The philosophy behind "quick take" condemnations, a particularly pernicious type of taking discussed in my last post, is well summarized in this classic dialogue from Buffy the Vampire Slayer. Faith, an unscrupulous fellow slayer, tries to persuade Buffy to adopt her amoral philosophy of life:
BUFFY: Okay, we got ten, maybe twelve bad guys and one big demon in desperate need of a Stairmaster.
FAITH: I say we take 'em all, hard and fast and now.
BUFFY: We need a little more firepower than none. Maybe we should go back to the library [where the slayers' weapons are stored].
FAITH: ....(looks around) I just... wish we had . . .(sees Meyer's Sport and Tackle shop) Ah. That is too good.
They break in. Faith finds the Archery counter.
FAITH: Ah. Score.
BUFFY: Think they're insured?
FAITH: Strangely, not my priority. When are ya gonna get this, B? Life for a Slayer is very simple: want... take... have.
BUFFY: Want... take... have. I'm gettin' it.
Because of a seemingly pressing immediate need, Buffy and Faith take the property of others without going through the usual procedures and without getting the consent of the owner. The rationale for "quick take" condemnations is exactly the same. Yes, unlike Buffy and Faith, governments that use quick take pay compensation; but that compensation is generally well below the true value of the property to the owner, and the latter still ends up losing his land, and often loses the structures built on the land even if it turns out that the condemnation was illegal.
The two slayers eventually learned the error of their ways. Not so with most of the state and local governments that use quick take.

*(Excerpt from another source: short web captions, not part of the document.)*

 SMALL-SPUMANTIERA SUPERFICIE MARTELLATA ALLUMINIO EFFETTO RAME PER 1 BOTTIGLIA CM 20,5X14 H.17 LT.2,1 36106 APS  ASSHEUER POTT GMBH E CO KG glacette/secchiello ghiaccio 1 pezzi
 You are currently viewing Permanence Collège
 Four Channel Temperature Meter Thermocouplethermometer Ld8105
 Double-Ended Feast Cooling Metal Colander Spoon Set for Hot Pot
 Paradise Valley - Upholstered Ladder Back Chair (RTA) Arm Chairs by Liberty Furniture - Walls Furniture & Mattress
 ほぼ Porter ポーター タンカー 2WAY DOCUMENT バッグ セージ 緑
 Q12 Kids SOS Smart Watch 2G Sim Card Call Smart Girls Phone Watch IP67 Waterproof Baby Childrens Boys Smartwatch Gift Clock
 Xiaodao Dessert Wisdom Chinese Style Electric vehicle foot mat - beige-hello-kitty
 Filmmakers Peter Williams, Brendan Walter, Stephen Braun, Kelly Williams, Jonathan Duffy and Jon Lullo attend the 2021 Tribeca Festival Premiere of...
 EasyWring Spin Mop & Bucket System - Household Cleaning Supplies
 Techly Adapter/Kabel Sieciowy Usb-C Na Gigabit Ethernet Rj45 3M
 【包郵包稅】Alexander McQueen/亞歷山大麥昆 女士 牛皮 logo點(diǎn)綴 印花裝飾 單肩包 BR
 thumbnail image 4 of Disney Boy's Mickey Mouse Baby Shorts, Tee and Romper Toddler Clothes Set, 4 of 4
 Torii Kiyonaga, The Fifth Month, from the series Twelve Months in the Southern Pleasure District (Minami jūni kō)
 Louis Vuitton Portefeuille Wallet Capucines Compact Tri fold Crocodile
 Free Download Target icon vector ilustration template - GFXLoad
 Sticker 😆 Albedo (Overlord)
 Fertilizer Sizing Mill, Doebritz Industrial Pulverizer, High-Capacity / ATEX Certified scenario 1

UPDATE: Later on in the same episode, Faith argues that vampire slayers have the right to take things they need without paying for them because of all the benefits they provide to society by protecting the world from vampires and demons. This argument is very similar to Justice Brandeis' dissenting opinion in the famous takings case of Pennsylvania Coal v. Mahon, 260 U.S. 393 (1922), where he claimed that the government had the constitutional right to engage in uncompensated regulatory takings in part because it provides property owners with "the advantage of living and doing business in a civilized society."
Perhaps we Property professors should teach takings law by having the class watch BTVS episodes:)!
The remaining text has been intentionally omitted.